Known from US-A-2005/0030010 is an inductive position sensor of the type mentioned and described above, which is operated using a PWM signal as a modulation signal. Also this sensor requires an increased expenditure for signal post-processing, thus rendering the overall arrangement more complicated. For the filtration of the modulation signal so as to obtain the sinusoidal or cosinusoidal shapes, a low-pass filter with relatively low limiting frequency will be required, which will entail the need for additional circuit components and thus cause an increased space requirement in the ASIC.
A method for generating the transmission signals that is advantageous for the monolithic integration resides in the generation of square-wave signals whose shape, with filtration over time, corresponds to the desired signal shape of the modulated transmission signal. The use of square-wave signals allows for high efficiency, which is achieved by avoidance of losses in the integrated circuit. Generating square-wave signals further makes it possible to achieve a particularly high linearity of the sensor signal because of the high relative accuracy with which the square wave signals can be generated in integrated circuits. Square-wave signals can be used both for generating the carrier signal and for generating the modulation signal.

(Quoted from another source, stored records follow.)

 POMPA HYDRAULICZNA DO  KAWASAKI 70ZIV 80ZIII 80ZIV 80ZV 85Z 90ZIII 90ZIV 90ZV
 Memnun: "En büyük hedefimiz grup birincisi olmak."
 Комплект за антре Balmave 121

A method for generating the modulation signal that is of special advantage for integration resides in using either a pulse-density-modulated sequence of carrier-frequency square wave pulses whose shape, with filtration over time, corresponds to the desired modulation signal, or a sequence of carrier-frequency square wave pulses whose polarity can be reversed after each half period of the modulation frequency. Both methods eliminate the necessity of an analogous multiplication for generating the modulated signal and thus allow for a particularly high linearity of the sensor signal. The filtration of the generated square wave signals which is required for evaluation is advantageously performed partially in the resonance circuit of the movable element and partially in the reception path of the integrated circuit.

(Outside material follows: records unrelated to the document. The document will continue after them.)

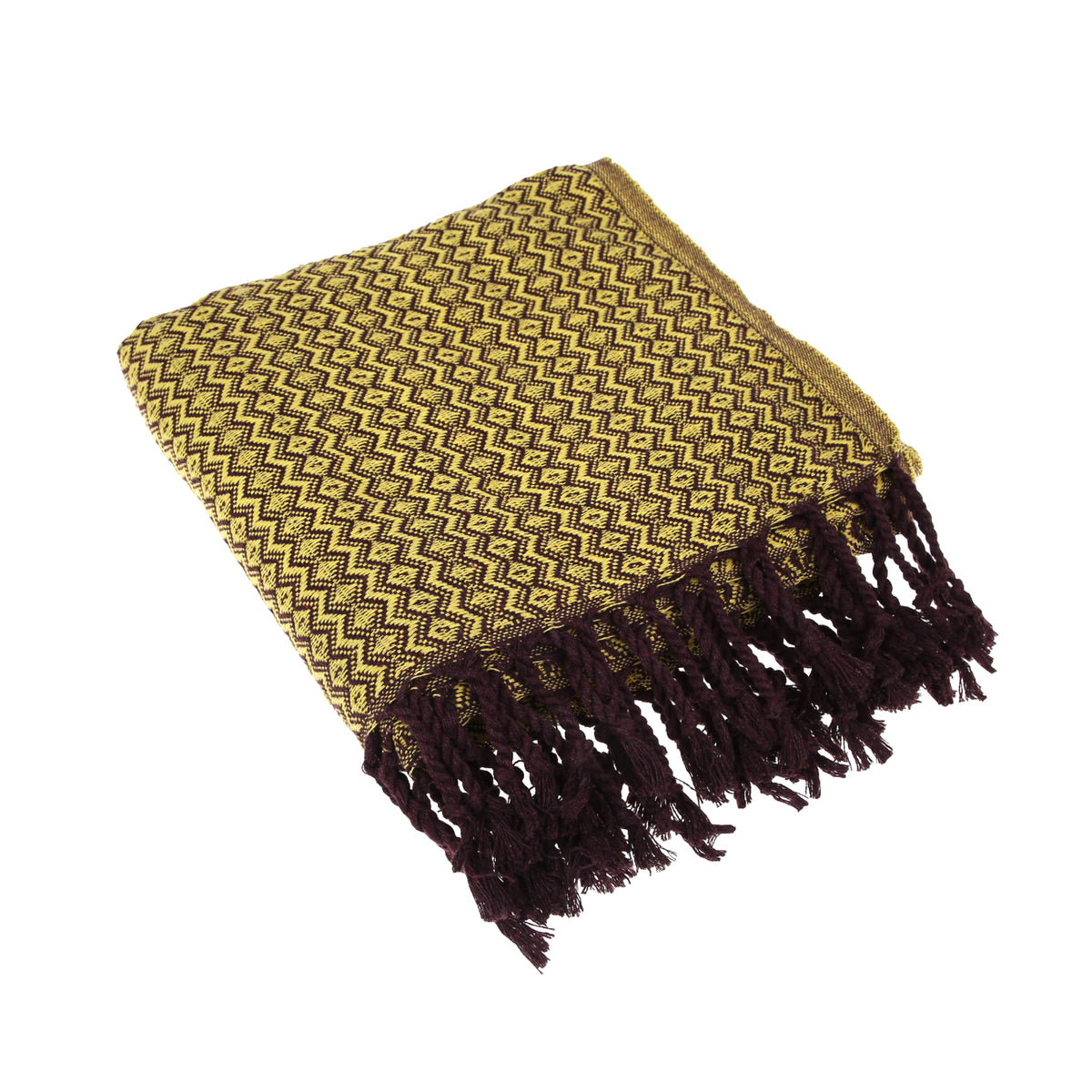 Maroc Pure Cotton Beach Towel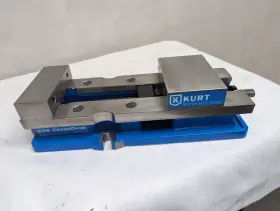 Dx6csp Kurt Dx6 Crossover Vise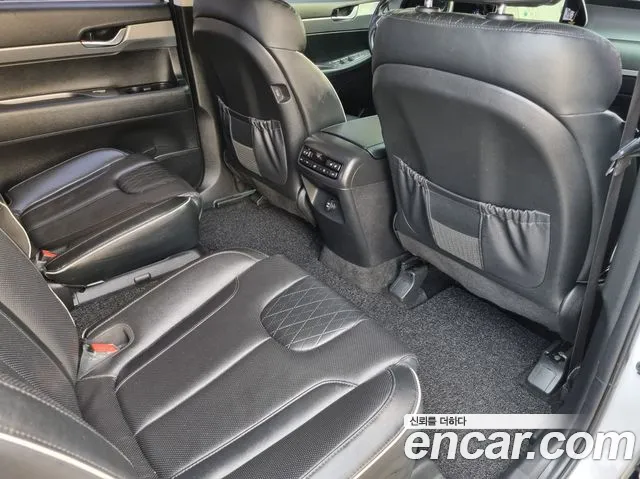 Hyundai Palisade 2020 thumb 11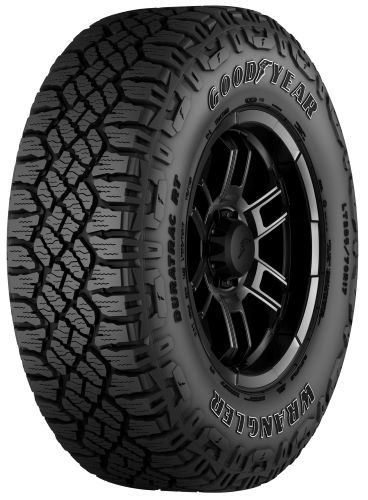Goodyear WRANGLER DURATRAC RT 103Q FP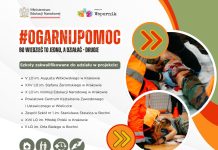 Młodzież nauczy się ratować życie. Warsztaty odbędą się w ZS Nr 1 i II LO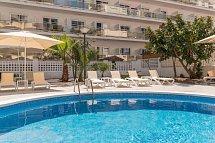 Rentalmar Salou Beach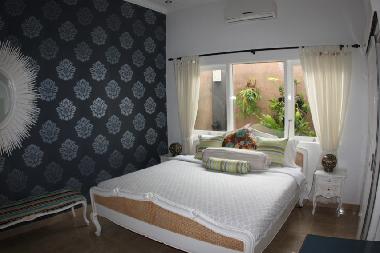 Cama y desayuno en Sanur (Bali)Casa de vacaciones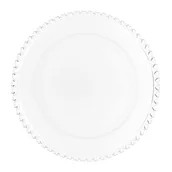 Tace i patery - Szklana Podstawka Pod Talerz - miniaturka - grafika 1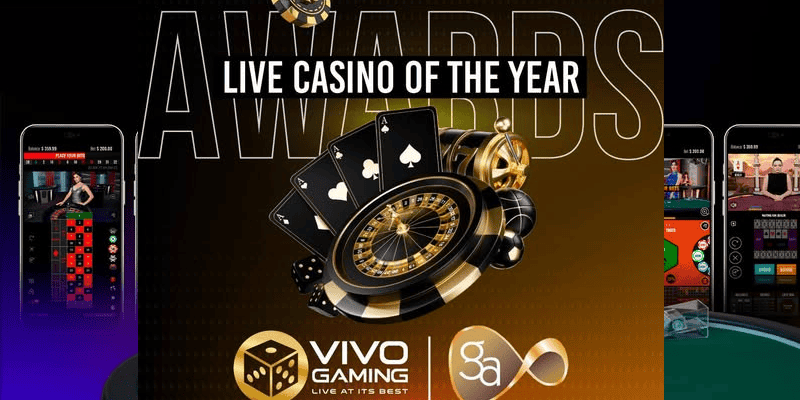 Giới thiệu về Vivo Gaming tại TDTC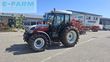 Tractor agrícola - Steyr - kompakt 485 profi 2 (ehr)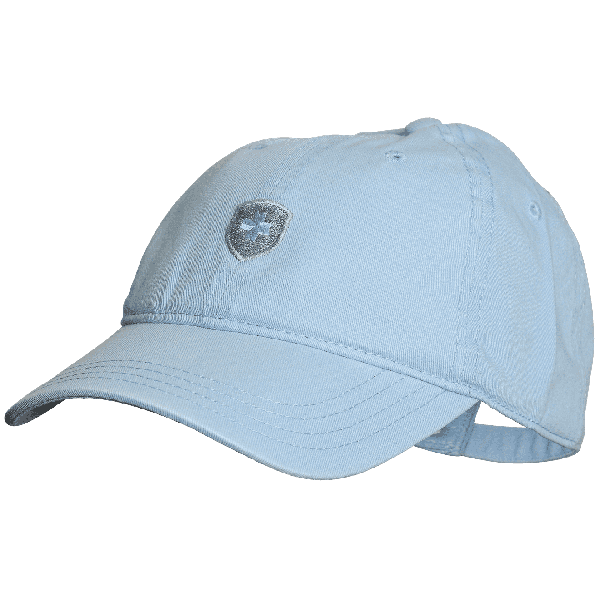 Promotion Baseballcap, 198, Pastellblue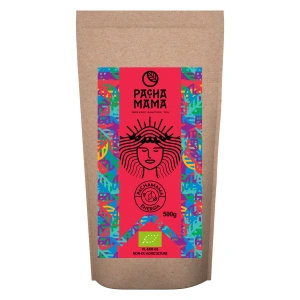 Guayusa Pachamama Energia 0,5 кг (органічна)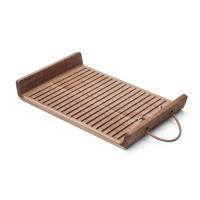 Поднос Morso FLOW Bakke - из дуба 23 х 35 см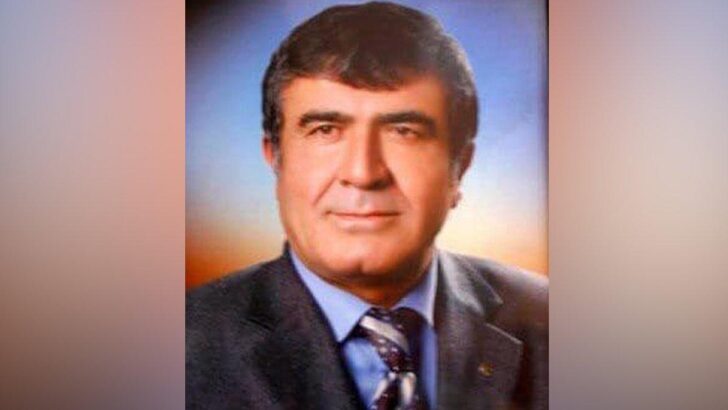 Denizli’de tahta köprüden düşen eski belediye başkanı hayatını kaybetti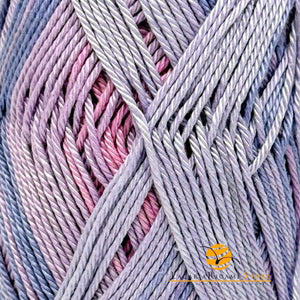 Cotone CREATIVA FINO MULTICOLOUR - ANCHOR - Colore: - by LacariaRicami.Store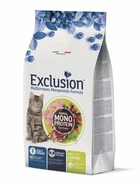Сухий корм для кішок Exclusion Noble Grain Cat Adult Chicken з куркою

As described above, for a large variety of uses, inductive position sensors are given a design with multiple channels. In doing so, the subsystems are often provided in close spatial proximity. Due to the spatial closeness of the coils of different subsystems and in consideration of the further boundary conditions in the designing of the coils (e.g. suitable strength of the coupling factors between the transmitter and the oscillating circuit and between the oscillating circuit and the receiver, highest possible similarity between the inductivities and between the resistances in both transmitter coils of a subsystem, correct angle-dependency of the coupling factors, suppression of the far field of all individual coils, etc.), it will not be generally possible to avoid a mutual coupling of the coils of different subsystems.

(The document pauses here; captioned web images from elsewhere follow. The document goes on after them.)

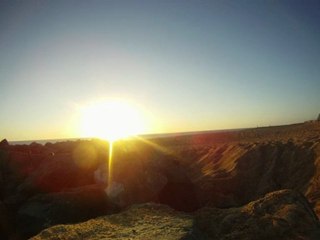 CapBreton - Coucher de Soleil -2012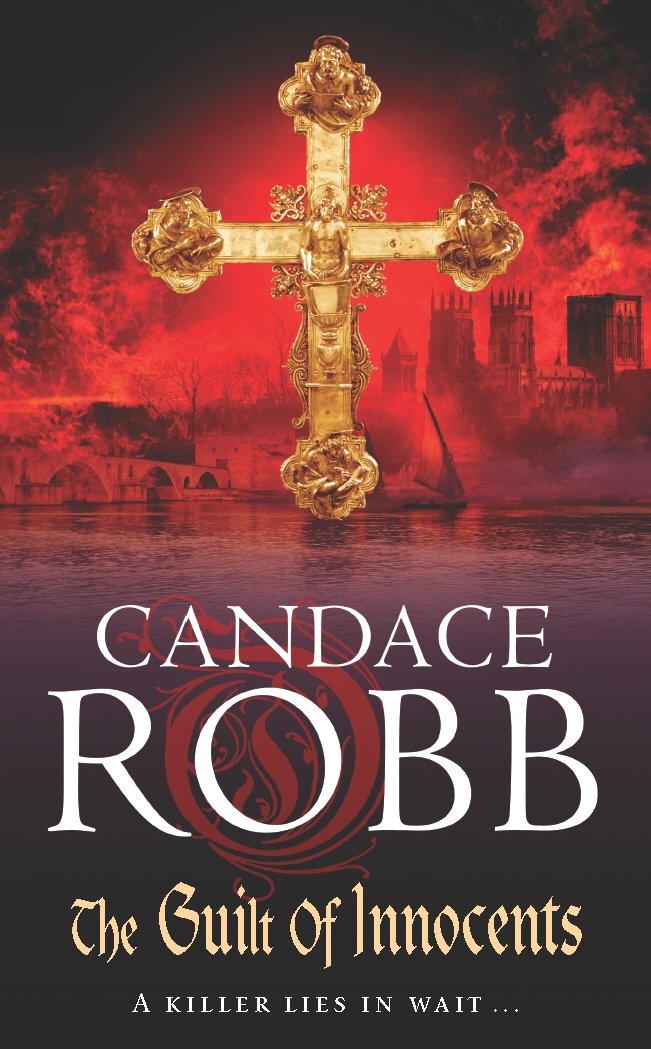 The Guilt of Innocents: A captivating Medieval mystery guaranteed to have you hooked…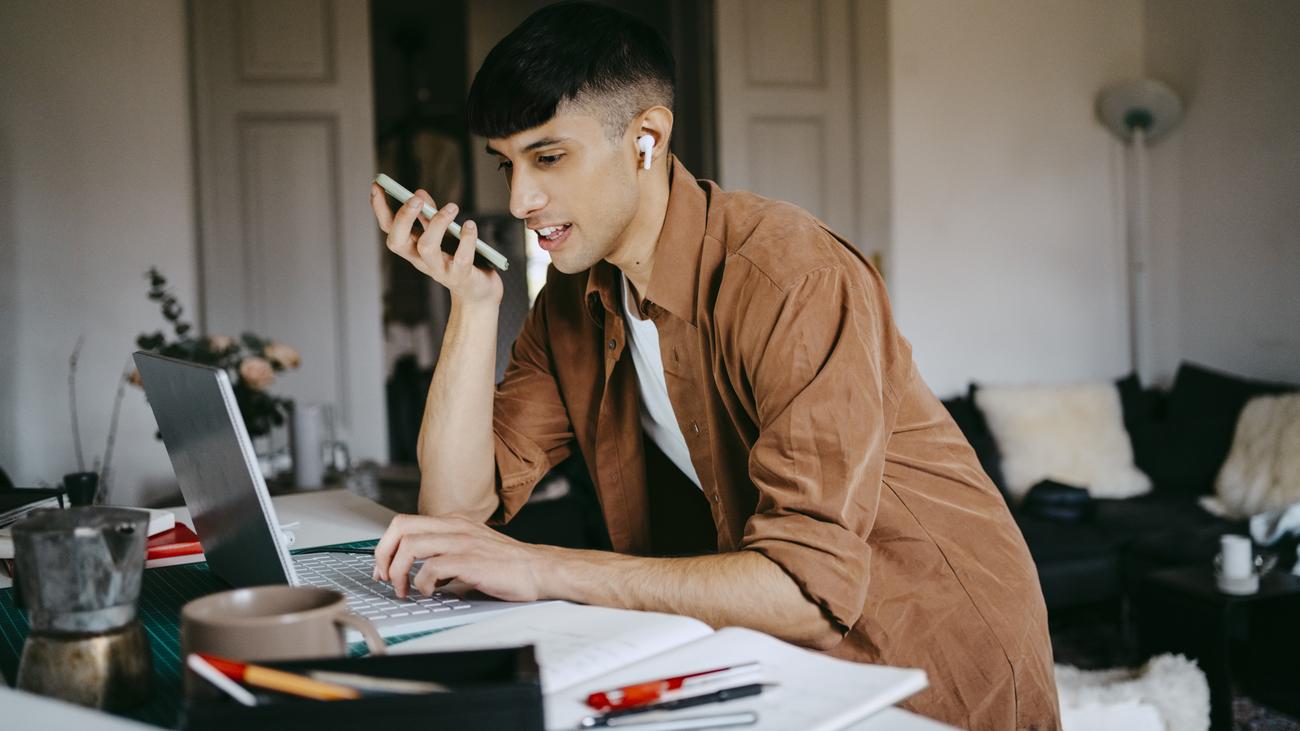 Statistisches Bundesamt: Jeder Vierte arbeitet gelegentlich im Homeoffice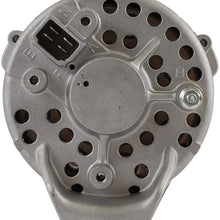 DB Electrical AMT0105 Alternator Compatible With/Replacement For Ford Courier 1.8L 1972 1973 1974 1975 1976 1977, Hyster Fork Lift Truck All Year W Mazda Engine, Komatsu, Sumitomo Yale Fork Lift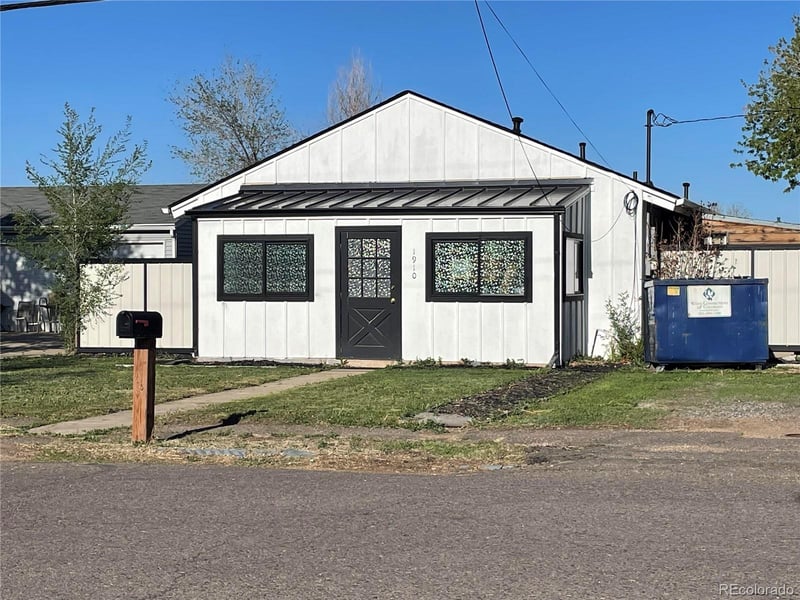 1910 Altur Blvd, Aurora, CO 80011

This inductive coupling of the coils of the two subsystems (e.g. the oscillating circuit of channel 1 to the receiver of channel 2, or the oscillating circuit of channel 2 to the receiver of channel 1) has the consequence that, to the receiver of one subsystem of a multi-channel sensor, signals of the other subsystem will be supplied. If these coupled-in interference signals of the foreign subsystem are not sufficiently suppressed in the receiver, they have a negative influence on the measured sensor signal. Thus, the described influences from neighboring channels will particularly cause increased noise (stochastic fluctuations) of the measured position signal.